The disrespect and neglect people in the Rif region have long felt exploded last October in Al Hoceima. Police and port authorities had confiscated a bag of swordfish from a fishmonger, Mouhcine Fikri, for catching them out of season. When they threw the catch in a garbage truck, he plunged in to save it. The trash compactor that officials had turned on to scare him off crushed him to death.

The death inflamed the country and sparked a social justice movement known as Hirak. In May, after efforts to discredit Hirak with damning stories on the state-friendly television failed to curb enthusiasm for the group’s rallies, the authorities arrested movement leaders and pro-Hirak journalists, accusing them of “threatening national security.” Those arrests ignited the latest round of protests, which show no sign of ending.

Lately, the police crackdowns have become more violent, and some youths have fought back with sticks and stones.

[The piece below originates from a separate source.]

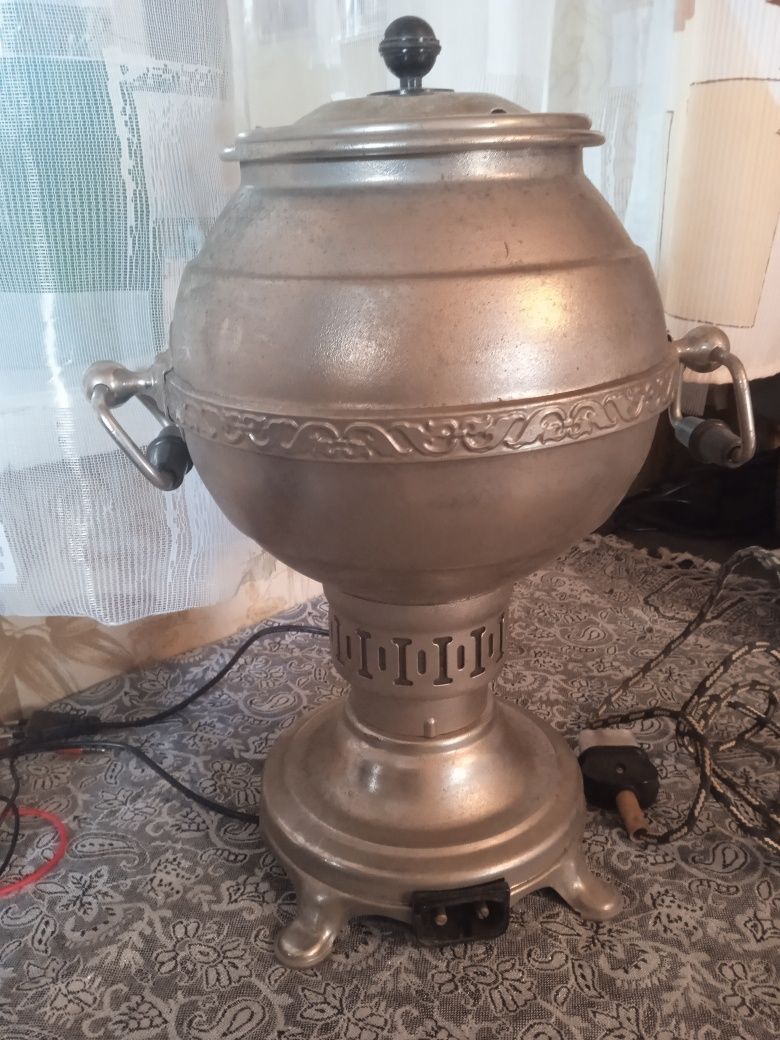 Продам электросамовар  1981  года  выпуска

Trying to get the story out is becoming harder as well. Last week, a prominent newspaper editor was arrested during the protests. Reporters Without Borders is sounding an alarm, demanding the release of any detained journalists — the numbers are not certain — and an assurance that those on the ground will not be subjected to injury or arrest by the police. During protests, internet and phone lines have been shut down, thwarting live feeds.

Mr. Colon — who is a founder of MeMo, a documentary photography collective — knows the Morocco conflict has not captured the attention of the world, or the news media. It is, he said, “another forgotten conflict in which the international and local media do not want to pay attention. There are times that if something dramatic does not happen, it does not matter!”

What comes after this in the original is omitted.